Daily Care, Research: Cure

Question from San Juan, Puerto Rico:

I would like my son to have a better quality of life without having to check his blood sugar so many times a day, which makes his fingers hurt. And the insulin injections are already starting to hurt the parts where he has bumps. He plays baseball and the doctor doesn't recommend the insulin pump, plus we don't have that kind of money to buy one. My son is a very clever pre-teen and knows there are alternatives but financially we can't afford them. Would a pancreas surgery would be suitable for him or islet cell transplant? Is there any way we can have any kind of help from an organization to donate a pump? He is very concerned about his life and we as parents as well. Please give us some advise since here in Puerto Rico diabetes is not yet very well managed by physicians not specialized in this field.

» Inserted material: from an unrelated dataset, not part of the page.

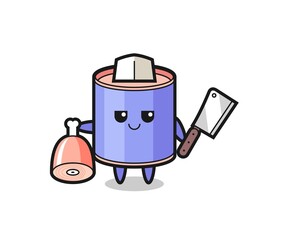 Poster - Illustration of cylinder piggy bank character as a butcher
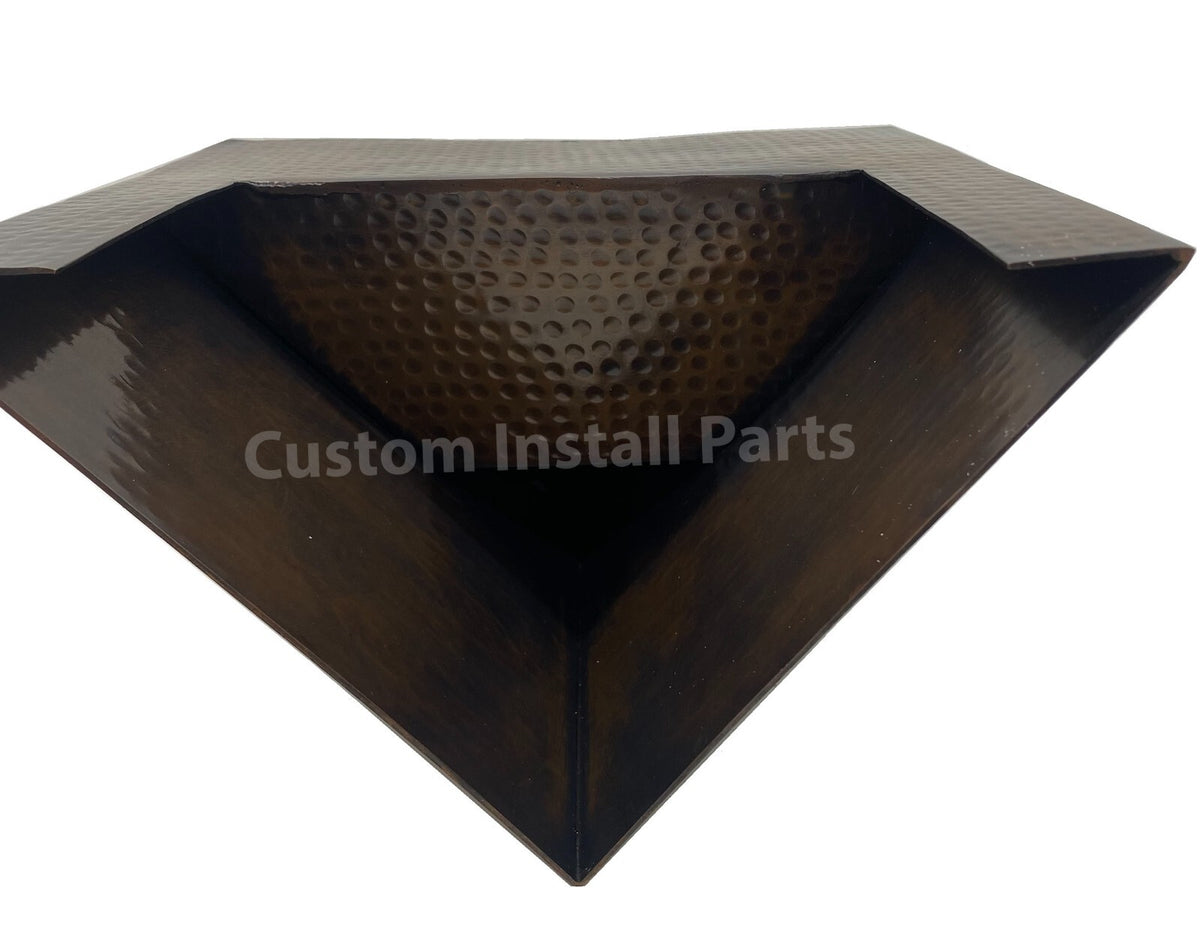 Hammered copper V-style wedge pool water scupper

The last time he was in the hospital he was given a dextrose IV instead of saline one -- thank God I knew that dextrose could have brought him into coma and they change it.


I wonder if what is really concerning your son is not so much the discomforts of blood sugar testing and insulin injections as having his peers know that he is diabetic. This is a possibility that you might talk to his doctor about. Aside from that, whole pancreas transplants have not been done in children for diabetes and islet cell transplants have the present disadvantage that each transplant takes two donors and at present it involves a lifetime commitment to immunosuppressive drugs. If your son listens to the news on the TV at all he might last week have heard of a very interesting development in which the injection of spleen cells had induced both the remission of the autoimmune process as well; as regeneration of islet cells. At present this holds only for the mouse; but if he can be patient it may quite soon be proved in humans.

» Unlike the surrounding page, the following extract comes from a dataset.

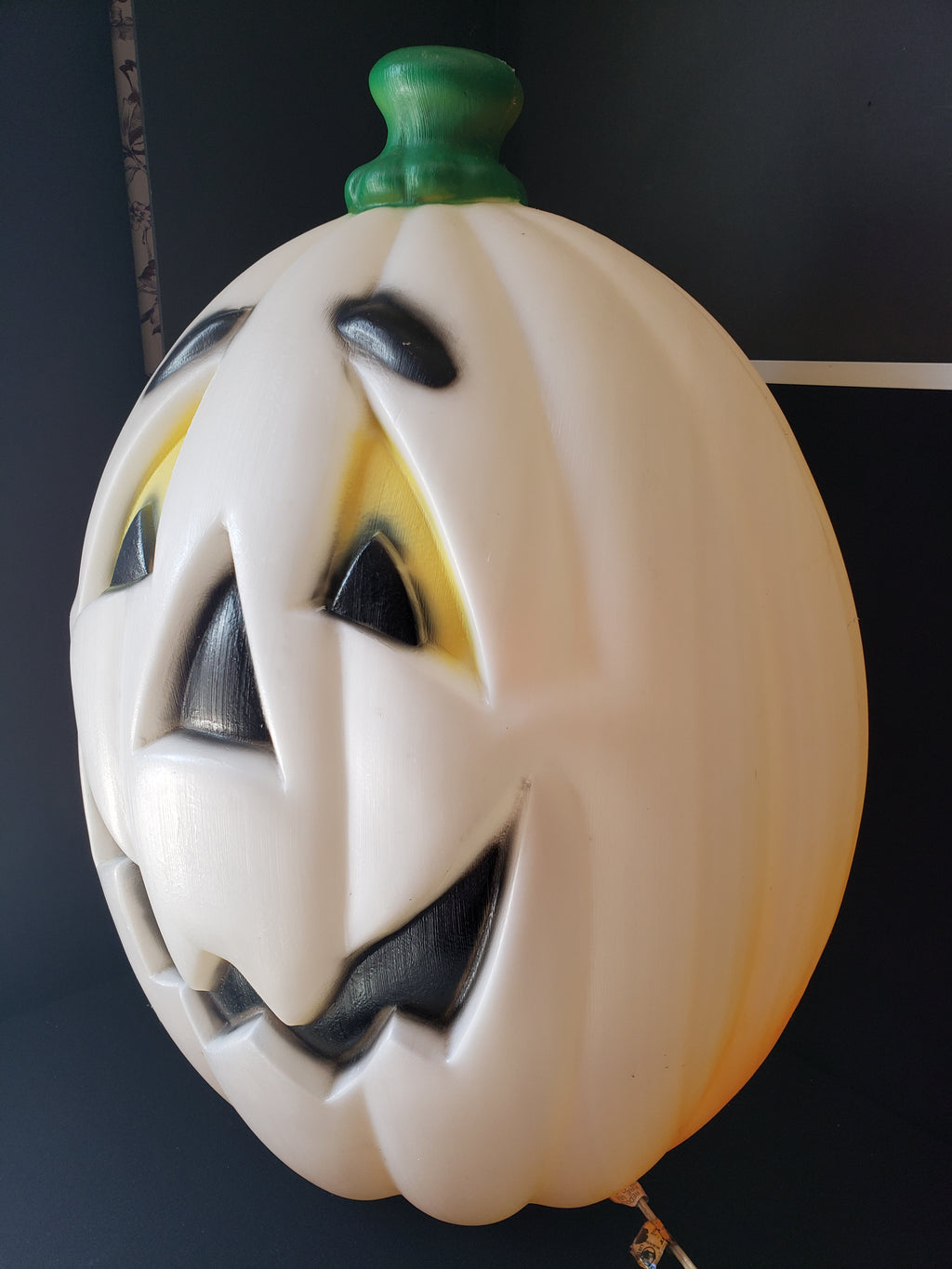 Large Vintage Halloween Blow Mold Pumpkin 24" Light Up (lot 2214)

A lot of progress is being made in developing non invasive ways of monitoring blood sugars and with almost painless blood sugar monitors that use very small amounts of blood from the forearm, such as from TheraSense.

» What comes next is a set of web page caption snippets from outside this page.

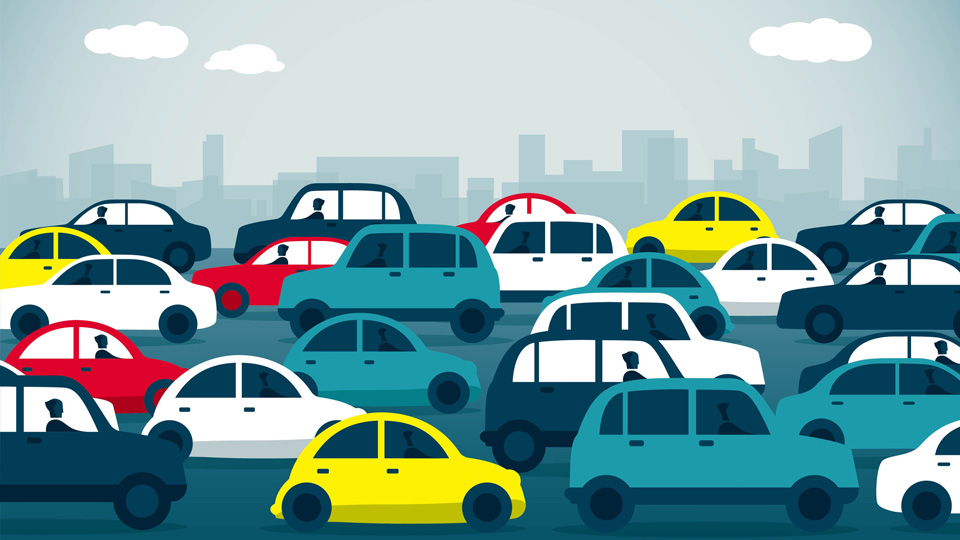Illustration of cars on a road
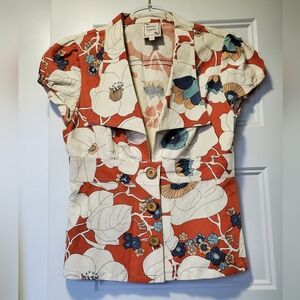 EUC Nanette Lepore Short Sleeve Blazer Sz 6 Silk Linen Spring Summer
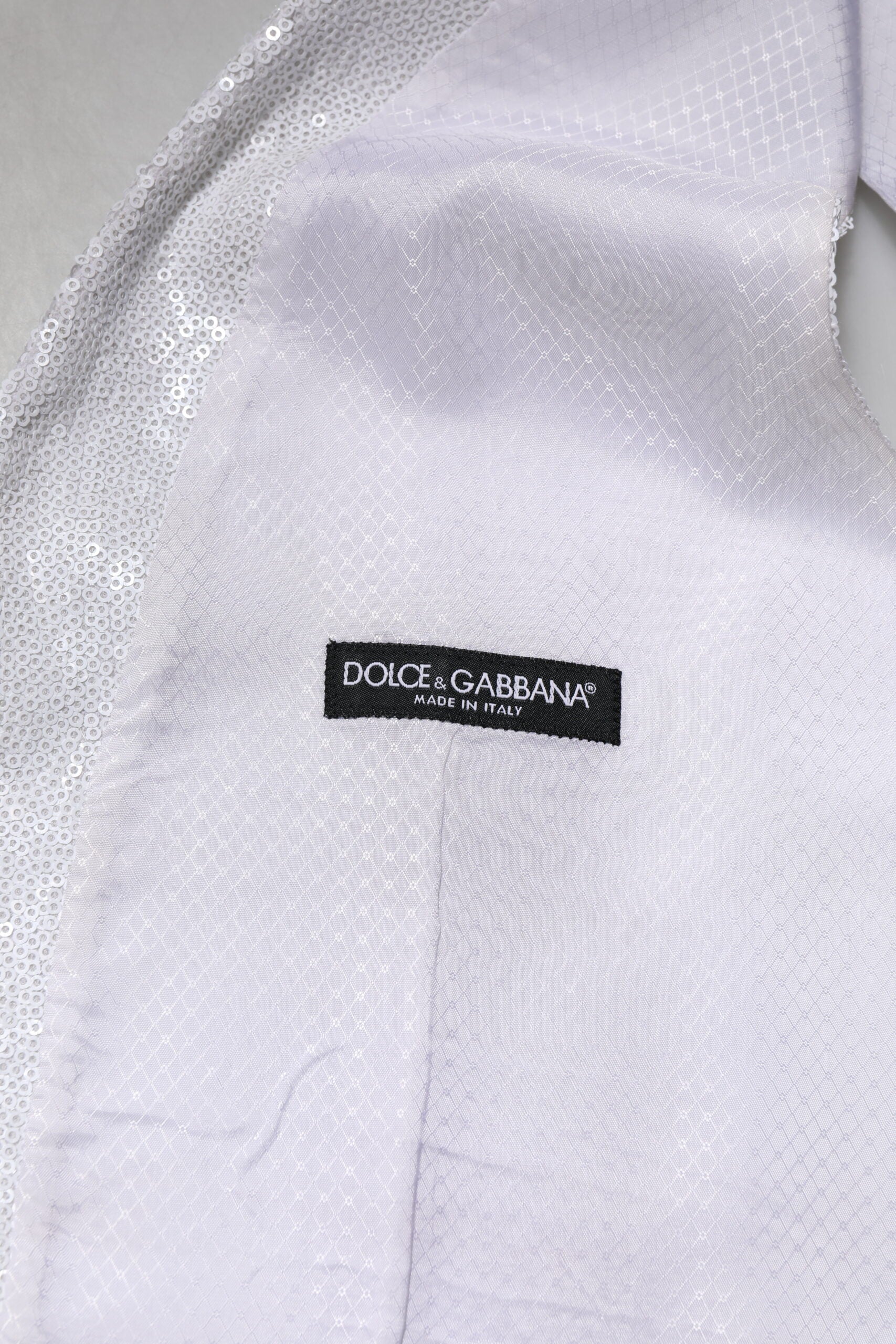 Dolce & Gabbana Weißes Paillettenkleid Formelle Weste Weste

I do understand that these advances can be expensive: but ultrafine syringes and needles as well as some of the new monitoring devices are often covered by insurance and you should ask about this. Pumps can be a mixed blessing in a very active boy and you may, at least at the beginning, need quite a lot of support from your medical group.

Teenagers aren’t interested in patience; but I really do feel that there will be big advances in overcoming the discomforts of control and if you ever read how cases were managed even fifty years ago you have to acknowledge a great deal of progress.